There is a reason the High Court of Australia has been deliberately slow to develop such a tort at common law. Chief Justice Murray Gleeson wrote in Lenah Meats v ABC "there is a lack of precision" when we talk about privacy. By contrast, among academics and politicians at the Privacy in the 21st Century legal conference in Sydney earlier this month - attended by Lord Justice Brian Leveson - the rush to regulate privacy was palpable.
Throwing even less caution to the wind, the Gillard government has also drafted a new anti-discrimination bill. We now enter truly uncharted and unfree territory. Attorney-General Nicola Roxon may look demure but she is a social engineer on legal steroids. She appears intent on Australia breaking new illiberal ground.
Roxon's Human Rights and Anti-discrimination Bill 2012 will not only extend the range of conduct deemed unlawful from matters of race to matters of religion, social origin, nationality and political opinions. Her bill also removes any notion of objectivity. It is enough that conduct by one person "offends, insults or intimidates" another person. This completes the legal slide from words that incite violence to those that merely insult. Sensible gradations of offence have been lost.

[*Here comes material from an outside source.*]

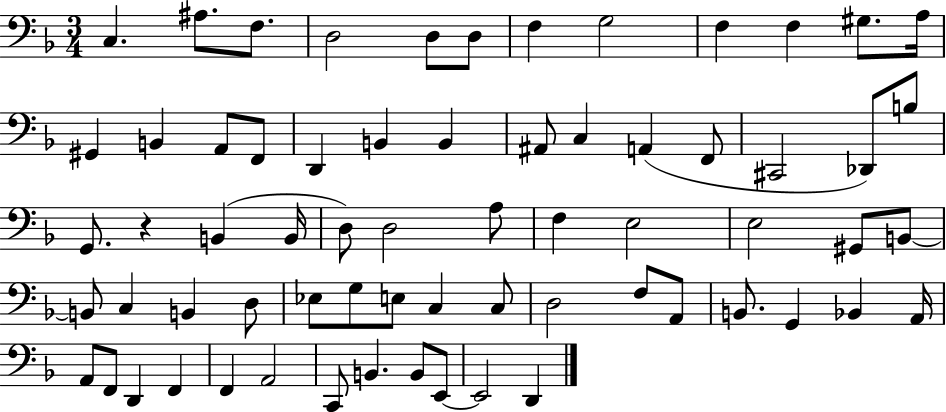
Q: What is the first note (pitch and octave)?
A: C3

As James Spigelman, the chairman of the ABC and former chief justice of the NSW Supreme Court, said recently, this "significant redrawing of the line between permissible and unlawful speech" goes beyond "any international human rights instrument or national anti-discrimination statute in another liberal democracy."
Trading freedoms for feelings comes at a cost. The right to speak freely, if it means anything, must include the right to offend.

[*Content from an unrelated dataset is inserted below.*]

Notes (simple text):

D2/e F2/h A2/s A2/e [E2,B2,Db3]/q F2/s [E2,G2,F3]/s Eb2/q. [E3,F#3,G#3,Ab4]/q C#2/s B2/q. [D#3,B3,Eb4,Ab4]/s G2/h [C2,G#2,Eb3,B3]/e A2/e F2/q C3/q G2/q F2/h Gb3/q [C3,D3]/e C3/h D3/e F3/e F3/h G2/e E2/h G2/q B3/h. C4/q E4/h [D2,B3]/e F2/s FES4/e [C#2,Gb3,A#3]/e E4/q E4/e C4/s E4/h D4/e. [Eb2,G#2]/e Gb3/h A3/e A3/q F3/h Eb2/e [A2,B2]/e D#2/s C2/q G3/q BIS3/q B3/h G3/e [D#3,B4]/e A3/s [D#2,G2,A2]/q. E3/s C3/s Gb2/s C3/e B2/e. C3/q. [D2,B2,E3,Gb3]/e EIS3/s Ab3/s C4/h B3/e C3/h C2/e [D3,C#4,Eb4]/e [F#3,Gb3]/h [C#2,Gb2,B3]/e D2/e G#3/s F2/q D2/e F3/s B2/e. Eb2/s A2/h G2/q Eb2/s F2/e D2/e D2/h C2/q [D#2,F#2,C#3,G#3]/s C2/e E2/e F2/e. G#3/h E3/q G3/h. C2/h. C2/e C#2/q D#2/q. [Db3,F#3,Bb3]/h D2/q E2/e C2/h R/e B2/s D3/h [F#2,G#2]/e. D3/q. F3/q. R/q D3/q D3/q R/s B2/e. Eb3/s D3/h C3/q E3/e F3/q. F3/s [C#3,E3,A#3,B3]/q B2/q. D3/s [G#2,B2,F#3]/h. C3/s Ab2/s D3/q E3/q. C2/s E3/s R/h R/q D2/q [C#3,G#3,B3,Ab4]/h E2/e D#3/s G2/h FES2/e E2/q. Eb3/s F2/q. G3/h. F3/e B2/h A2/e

Yet this fundamental right is being replaced with a new right not to be offended. The marketplace of outrage, best described by author Monica Ali, is about to get one heck of a legislative boost. New categories of insulted people will scurry to court, vying for the title of victim, each claiming their feelings have been hurt more than others.
How many of us realise we are witnessing the Freedom Wars? On the one side are the command-and-controllers, people such as Roxon who sincerely believe in central control more than individual freedom. Ideology has trumped principles. They insist laws are necessary to "to help everyone understand what behaviour is expected."
This is the anodyne yet terrifying language of the freedom-loathers whose new paternalism is slowly chipping away at our right to speak freely.
Are these illiberal social engineers dim to the workings of freedom? If we cannot speak freely, we cannot think freely. If we cannot think freely, surely we are not free. Or are these the very deliberate actions of ideologues who fully understand that free speech sits at the heart of all other rights?
On the other side of the freedom divide sit the freedom lovers, people such as Spigelman, who understand the full horror of what is slowly unfolding in our midst. Those who have lived in totalitarian societies, and those who understand the nature of such repressive societies, will recognise these laws as the beginning of something dreadfully illiberal.
A few years ago, Queen's University in Ontario, Canada, started a pilot program called "Intergroup Dialogue". Students known as "dialogue facilitators" were given the authority to eavesdrop and intervene in private conversations if they found any offensive language, anything disrespectful towards ethnics, gays or religious groups.
We need to turn this idea on its head. Where are the freedom facilitators - people who point out, poke fun at, and otherwise pillory the almost everyday incursions that restrict free, open and vigorous debates? Start with Roxon's Orwellian project where laws will encourage a new breed of permanent dialogue facilitators measuring our words for actionable offence and insults, chilling daily our right to speak freely.